Chairman Greenspan: “As I have said publicly, the odds of that happening we perceive as to be quite small. But as I said to a colleague the other day, we spend a very small fraction of our time at the Federal Reserve and at the Federal Open Market Committee in actually being engaged in operational monetary policy. The rest of our time we ask ourselves every sort of question of what could go wrong and how would we respond to that event if it happened. And needless to say, the experience that the Japanese have exhibited to the rest of the world has not only gotten our attention but every central banker’s attention, largely because [all] of us presumed that a fiat currency - which of course is one not backed by gold or some other commodity or physical wealth - is prone to excess and inflation. And, indeed, the evidence subsequent to the 1930s into the 1950s was clear evidence of that fact.
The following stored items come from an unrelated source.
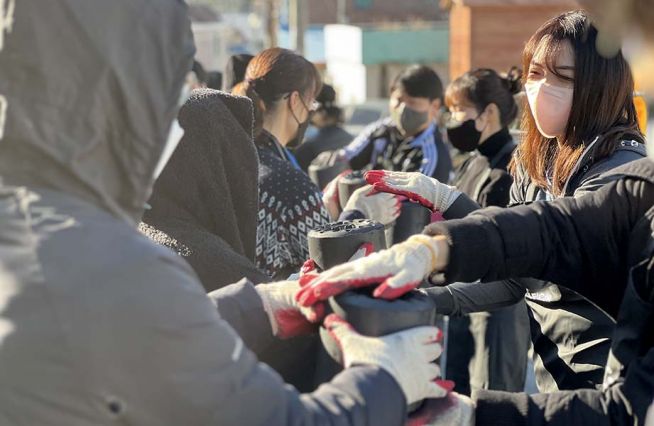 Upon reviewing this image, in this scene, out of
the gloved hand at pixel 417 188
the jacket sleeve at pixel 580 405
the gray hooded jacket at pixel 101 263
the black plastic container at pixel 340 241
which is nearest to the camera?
the gray hooded jacket at pixel 101 263

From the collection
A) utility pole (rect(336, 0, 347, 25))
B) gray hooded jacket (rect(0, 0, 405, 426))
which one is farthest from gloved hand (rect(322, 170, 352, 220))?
utility pole (rect(336, 0, 347, 25))

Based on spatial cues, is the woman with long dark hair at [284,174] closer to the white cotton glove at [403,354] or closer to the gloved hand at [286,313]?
the gloved hand at [286,313]

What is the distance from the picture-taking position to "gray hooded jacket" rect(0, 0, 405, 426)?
4.79 ft

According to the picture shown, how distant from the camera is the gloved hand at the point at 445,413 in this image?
1.76m

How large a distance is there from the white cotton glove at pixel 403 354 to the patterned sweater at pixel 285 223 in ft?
5.03

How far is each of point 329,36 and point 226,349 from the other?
105 ft

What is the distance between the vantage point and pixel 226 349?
154 cm

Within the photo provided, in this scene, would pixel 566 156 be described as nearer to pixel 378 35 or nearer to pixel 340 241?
pixel 340 241

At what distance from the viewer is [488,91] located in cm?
520

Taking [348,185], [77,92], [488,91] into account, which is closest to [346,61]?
[488,91]

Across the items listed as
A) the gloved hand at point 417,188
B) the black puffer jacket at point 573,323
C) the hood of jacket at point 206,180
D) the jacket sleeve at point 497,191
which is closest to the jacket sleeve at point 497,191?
the jacket sleeve at point 497,191

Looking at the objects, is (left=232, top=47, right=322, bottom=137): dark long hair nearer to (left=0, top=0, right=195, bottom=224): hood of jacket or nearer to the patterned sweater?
the patterned sweater

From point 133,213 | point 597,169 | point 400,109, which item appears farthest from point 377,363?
point 400,109

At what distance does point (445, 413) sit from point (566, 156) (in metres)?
1.19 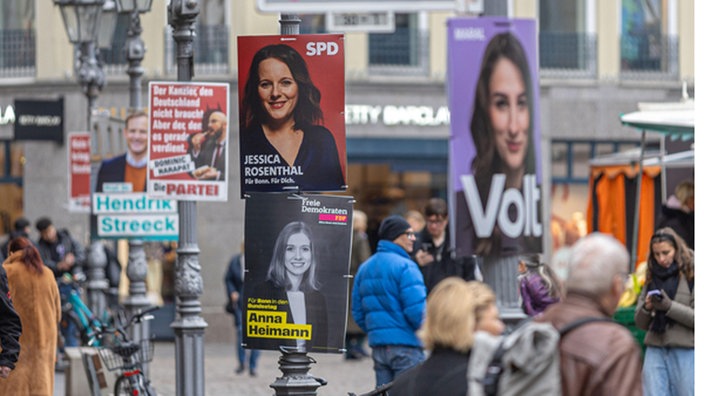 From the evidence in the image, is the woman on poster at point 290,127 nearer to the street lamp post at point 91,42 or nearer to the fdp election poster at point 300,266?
the fdp election poster at point 300,266

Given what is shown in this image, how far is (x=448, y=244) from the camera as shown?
43.7 feet

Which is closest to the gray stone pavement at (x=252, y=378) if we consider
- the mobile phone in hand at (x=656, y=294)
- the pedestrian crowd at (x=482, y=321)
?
the pedestrian crowd at (x=482, y=321)

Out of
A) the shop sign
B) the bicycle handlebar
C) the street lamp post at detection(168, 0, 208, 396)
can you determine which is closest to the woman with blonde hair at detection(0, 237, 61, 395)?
the street lamp post at detection(168, 0, 208, 396)

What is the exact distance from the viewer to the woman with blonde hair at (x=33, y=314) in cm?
1220

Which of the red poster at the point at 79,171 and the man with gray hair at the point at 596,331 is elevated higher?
the red poster at the point at 79,171

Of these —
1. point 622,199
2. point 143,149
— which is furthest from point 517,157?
point 622,199

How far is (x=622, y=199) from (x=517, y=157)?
13324 mm

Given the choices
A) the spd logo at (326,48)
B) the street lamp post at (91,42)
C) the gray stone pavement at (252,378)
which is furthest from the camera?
the street lamp post at (91,42)

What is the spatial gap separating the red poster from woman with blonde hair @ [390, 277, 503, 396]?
14138 millimetres

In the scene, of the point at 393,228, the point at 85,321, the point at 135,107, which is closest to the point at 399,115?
the point at 135,107

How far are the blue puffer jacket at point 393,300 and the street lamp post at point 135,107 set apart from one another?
5.76 m

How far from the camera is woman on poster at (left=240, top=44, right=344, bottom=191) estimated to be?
9844mm

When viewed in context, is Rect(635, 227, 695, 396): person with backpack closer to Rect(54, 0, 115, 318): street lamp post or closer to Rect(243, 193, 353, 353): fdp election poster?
Rect(243, 193, 353, 353): fdp election poster

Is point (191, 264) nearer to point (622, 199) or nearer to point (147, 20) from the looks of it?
point (622, 199)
What we have learned is that indeed prudent policies can replicate the type of environments that are created under a gold standard or under a commodity standard, and therefore, you can have deflation as we had in the nineteenth century for example. And indeed, the Japanese demonstrated that it’s possible and there are other countries who are having similar characteristics.

So we have examined what type of policies we at the Federal Reserve would engage in were that low probability event to emerge. And we’ve been looking at a number of different operational procedures which I and my colleagues have been discussing on and off in public recently. And we will continue to evaluate all the various different types of procedures… In summary, it’s not one of the things that we are very much concerned about happening. But should it happen, I trust we will be fully prepared from the central bank’s point of view to address it the best way we know how.”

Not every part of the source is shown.